Urla e vento, bestemmie e fulmini. Gli alberi si piegano, l’acqua piena di energia, rabbia, vomito... trascina a valle un fiume di follia, vortici di paura. Buia nella notte e nel giorno del luglio 1758, quando la furia del Mallero travolse il ponte dell’allora piazza grande (ora piazza Cavour) e portò con sé la statua di San Giovanni Nepomuceno che vi si trovava sopra, scaraventandola tra terra e massi. Mutilata. Decapitata.
Si trattava di una scultura settecentesca, alta circa due metri e mezzo, commissionata da Lorenzo Botterini Benaducci, sondriese emigrato in Messico alla ricerca delle radici spirituali dei popoli locali. Trovò fortuna e gloria e volle ricordarsi delle proprie origini facendo scolpire, in pietra arenaria, il Santo posto spesso sui ponti a protezione dall’invasione delle acque. In provincia di Sondrio si hanno tuttora gli esempi di Morbegno, Chiavenna e Traona.
Circa duecento anni dopo il disastro, un bambino dorme nel mattino ancora tiepido di un settembre in riva al Mallero, o forse si trova appena in uno stato di dormiveglia e il rumore del maglio dei fabbri Scarì trasposto nel sogno, diventa lo stanco progredire di un battello a vapore lungo il Mississippi mentre lui, seduto sulla riva, lo sta guardando passare. Ancora non sa che nel pomeriggio giocoso, nell’andare a riprendere un pallone fatto di stoffe finito dentro un cortiletto lì accanto, vedrà la testa di San Giovanni Nepomuceno, segretamente ripescata, posta ad ornamento di una fontana.
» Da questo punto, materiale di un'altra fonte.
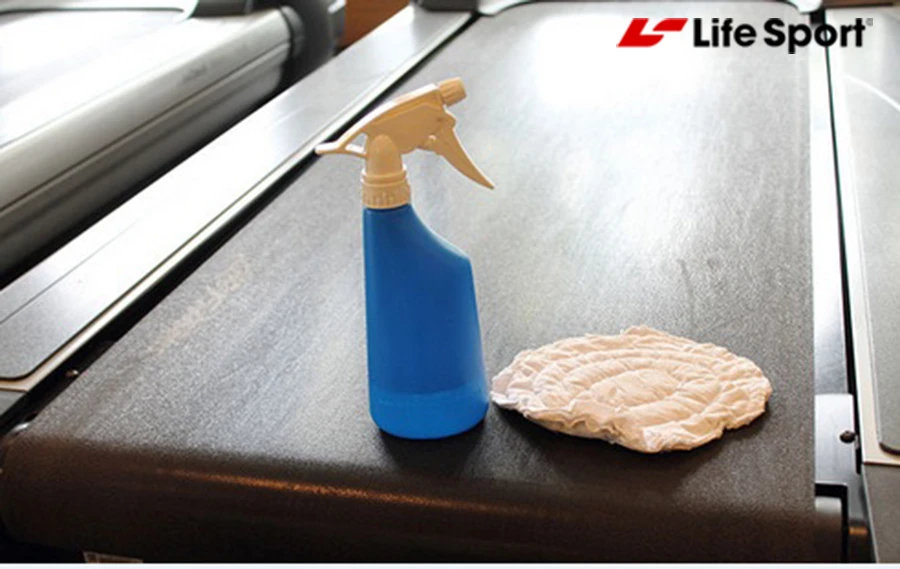 Tra dầu máy chạy bộ dễ thực hiện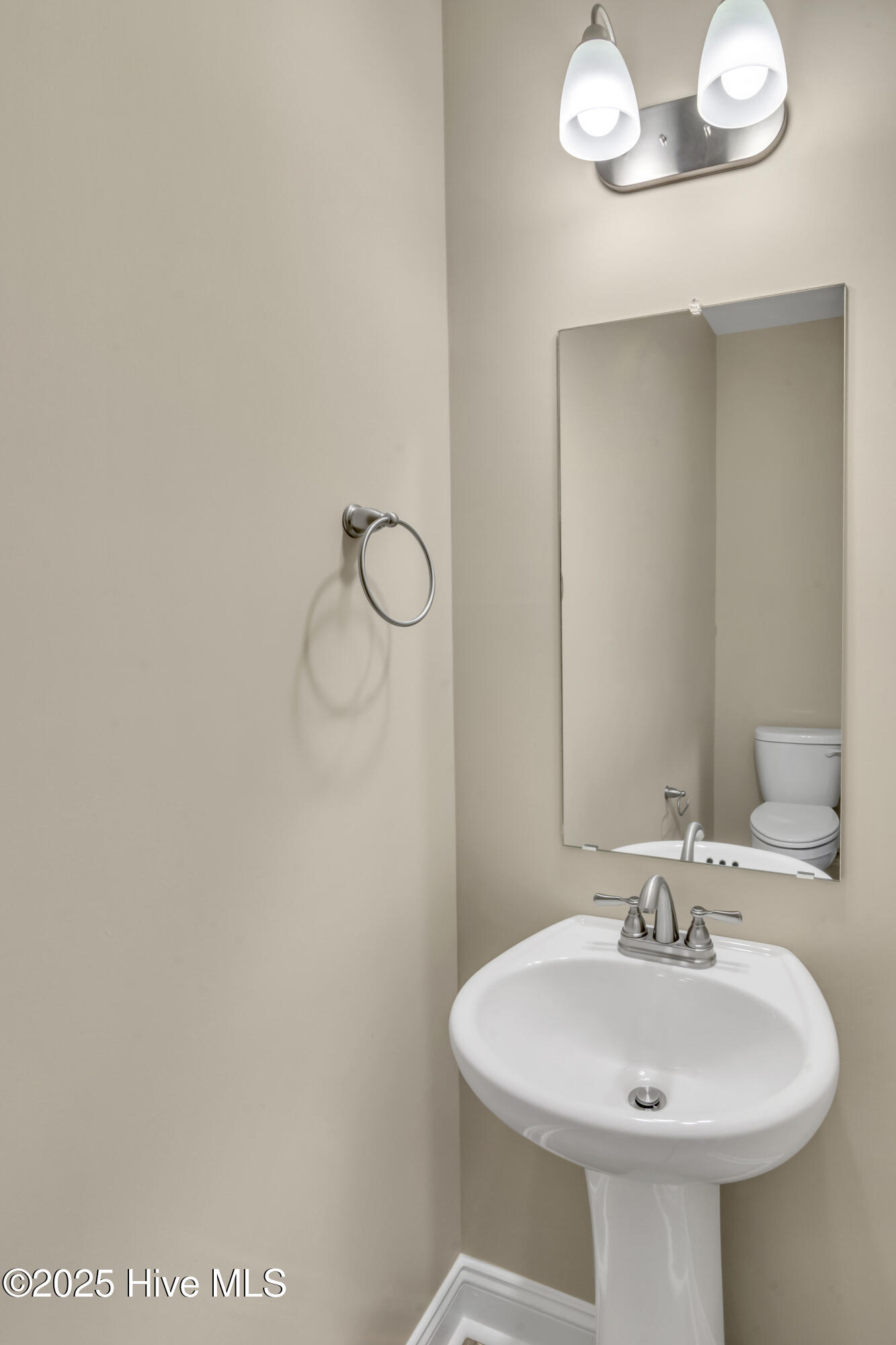 100566089 | Photo 16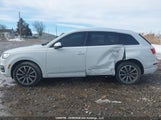 Audi Q7 3.0T Technik WA1VAAF77HD050356 снимка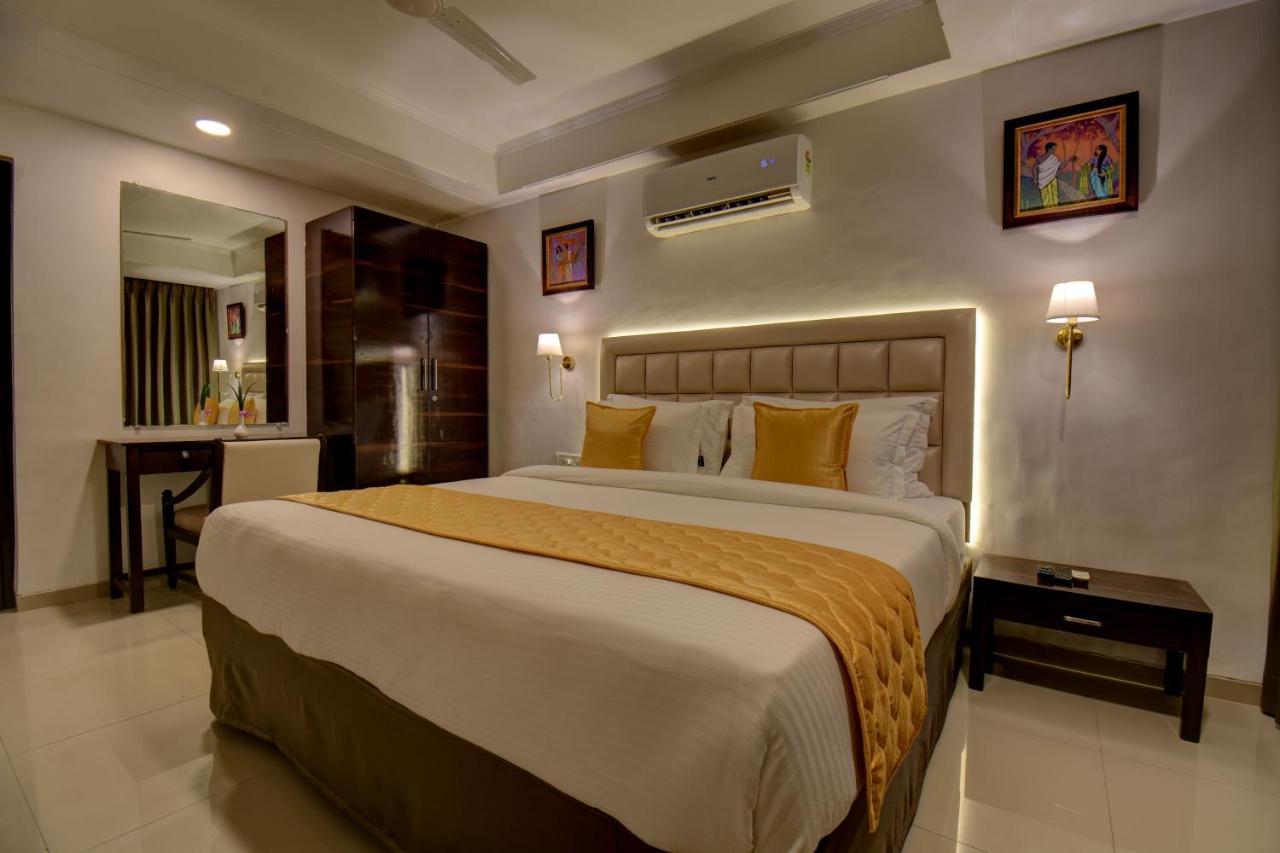 Elite Hotel Лонавала Экстерьер фото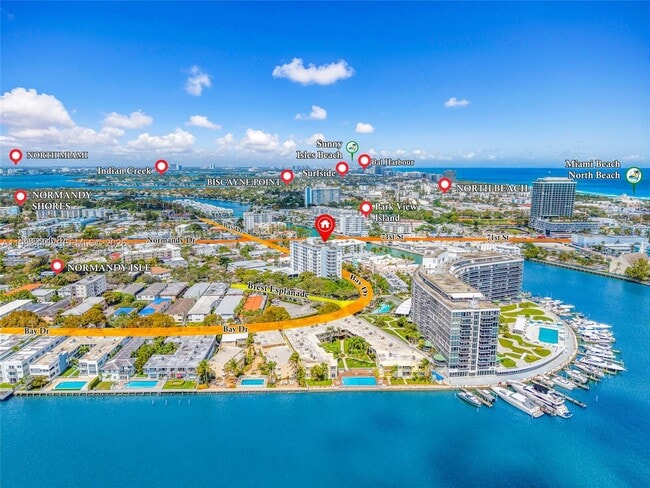 Building Photo - 6900 Bay Dr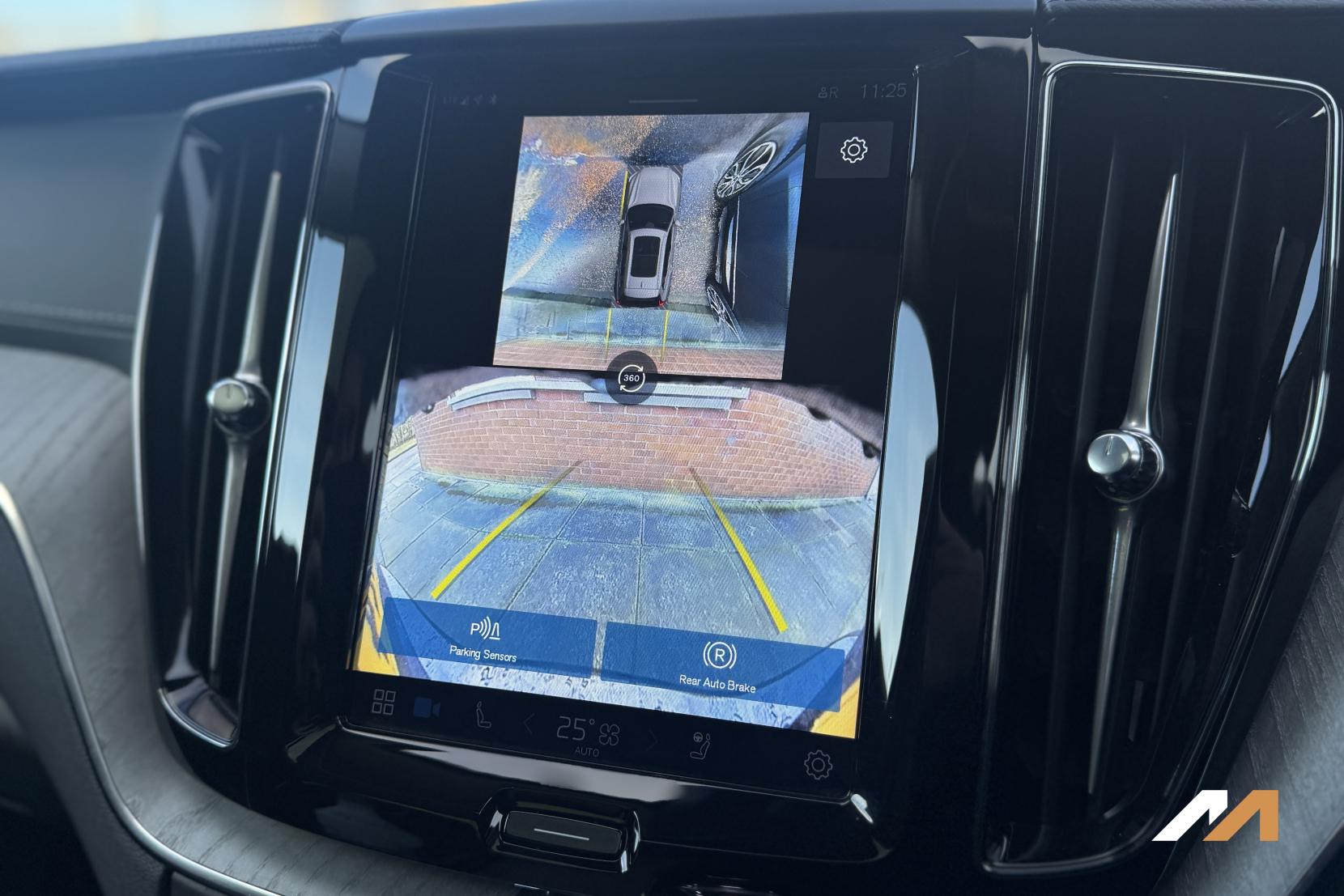 Volvo XC60 2.0h T8 18.8kWh Ultra Bright SUV 5dr Petrol Plug-in Hybrid Auto AWD Euro 6 (s/s) (455 ps)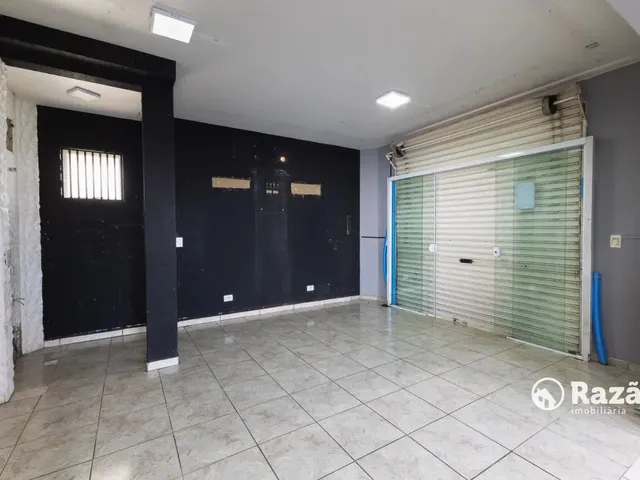 Loja para alugar, no bairro Novo Mundo em Curitiba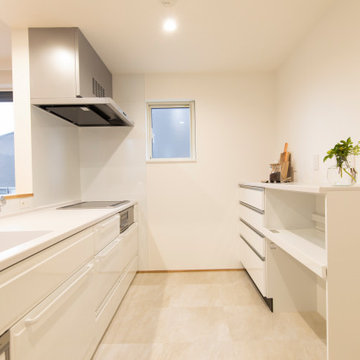 香川県に建つ、「凛と暮らす家」のキッチン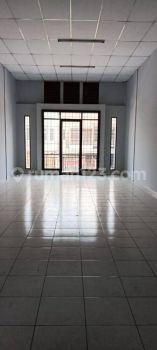 Ruko 2 Lantai Siap Pakai di Komplek Mekar Wangi Bandung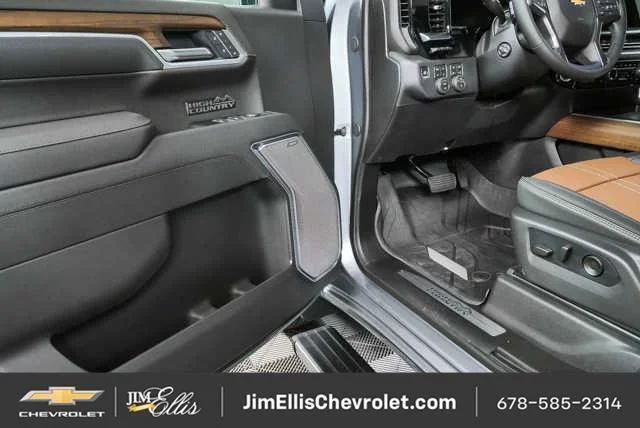 New 2026 Sterling Gray Metallic Chevrolet High Country image 9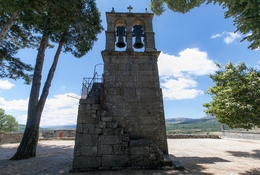 NO CASTELO DE MONTALEGRE 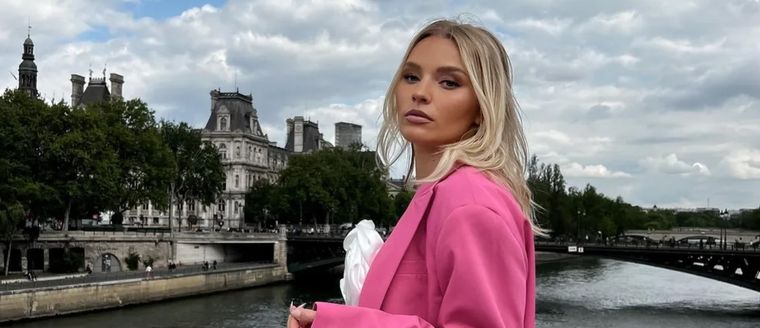 Irina Baeva siempre luce espléndida, como en esta ocasión en donde brilló con este look Foto: Instagram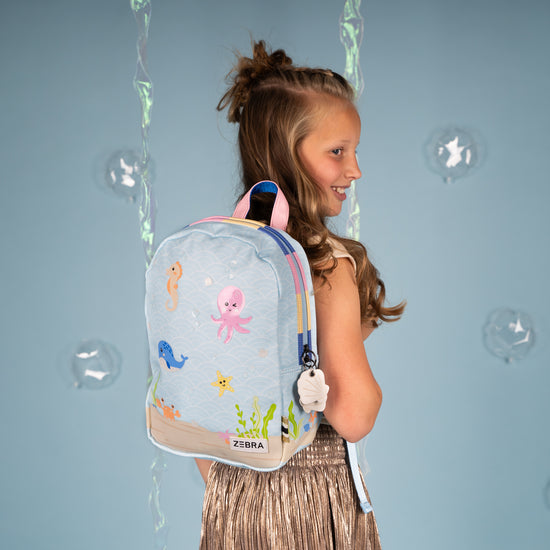 Kinderrucksack 25x35cm mit Meermotiv-Muster in Blau - leder-accessoires.com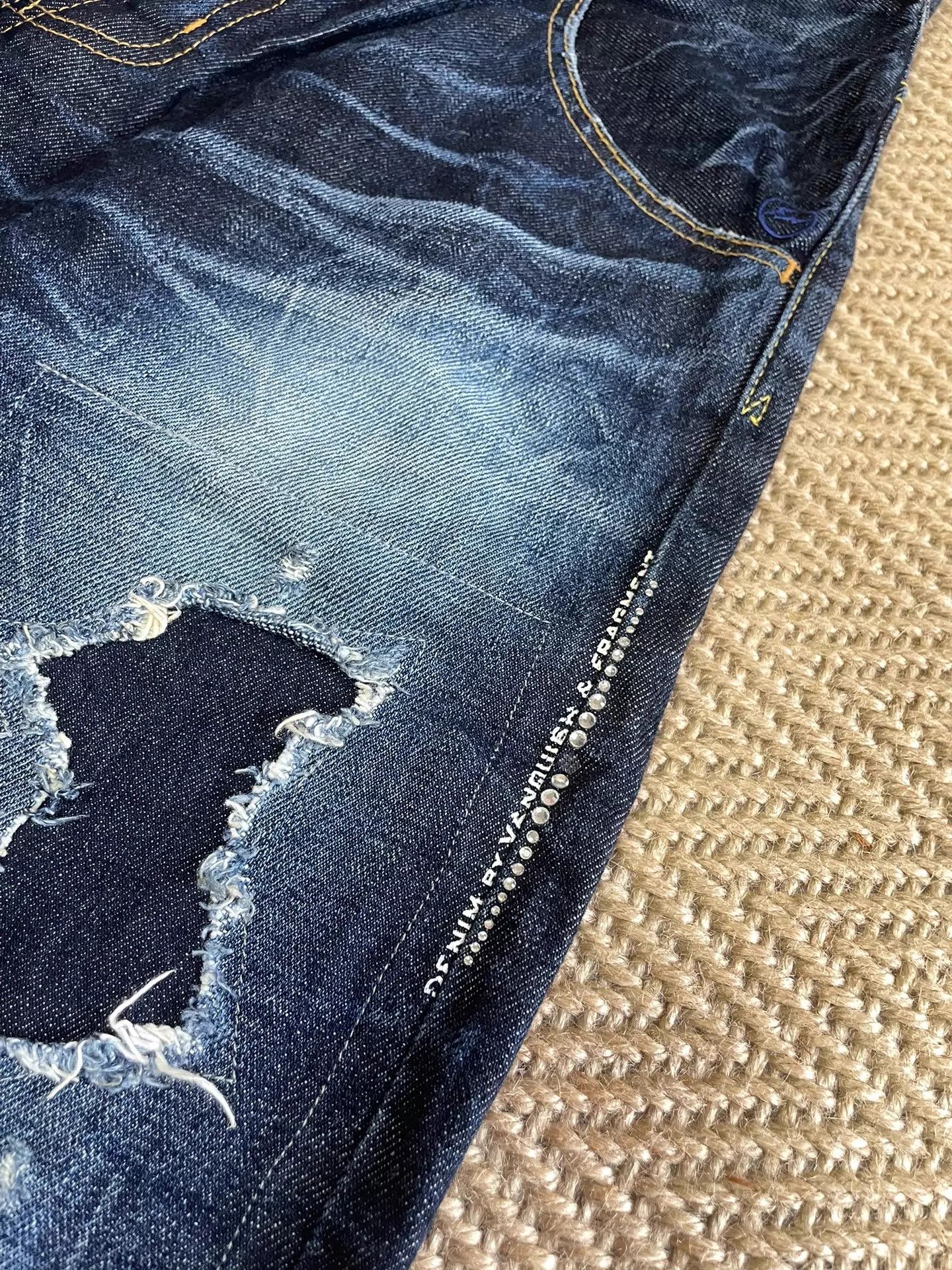 Vanquish VANQUISH & FRAGMENT Lightning Distressed W32 Jeans Size US 32 / EU 48 - 4 Thumbnail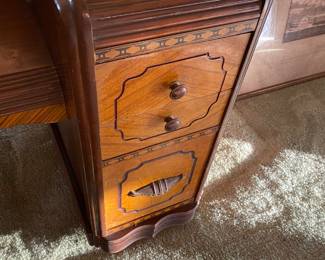 Right side of dresser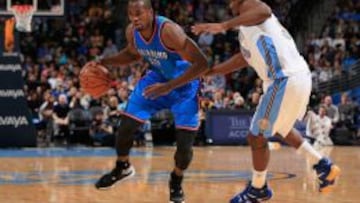 Serge Ibaka, defendido por Kenneth Faried.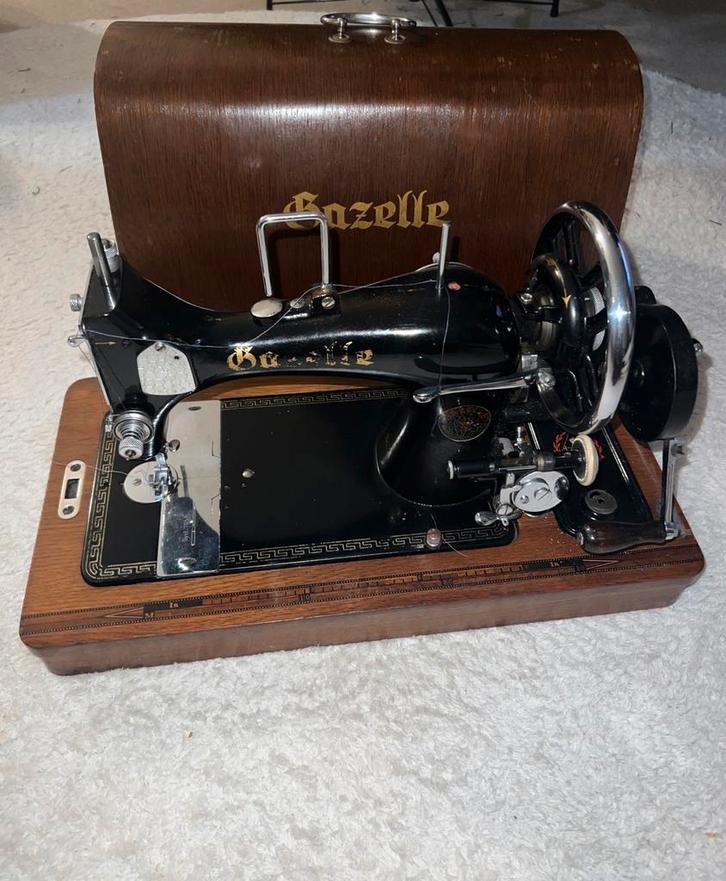 Antieke Gazelle hand Naaimachine/Werkend/Compleet in koffer, Antiek en Kunst, Antiek | Naaimachines, Ophalen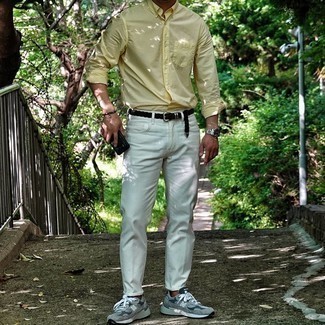 Как носить белую рубашку с длинным рукавом с белыми джинсами мужчине в стиле кэжуал: Белая рубашка с длинным рукавом и белые джинсы — отличный выбор, если ты хочешь создать лёгкий, но в то же время модный мужской ансамбль. Серые кроссовки позволят сделать лук менее строгим.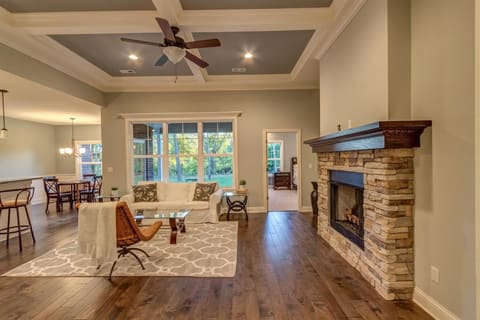 135 Westwoods Drive, Georgetown, KY 40324 — photo 4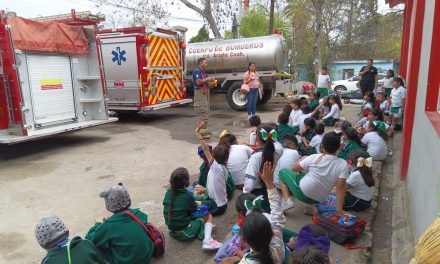 Reciben a niños en base de Bomberos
Successive segnalazioni ne hanno poi permesso l’acquisizione da parte del Comune di Sondrio il quale, dopo un attento restauro affidato a Giorgio Baruta, l’ha recentemente collocata nel museo del Castello Masegra, sorretta da un supporto abilmente costruito da Massimo e Michele Scarì, figli e nipoti dei proprietari del battello sul Mississippi.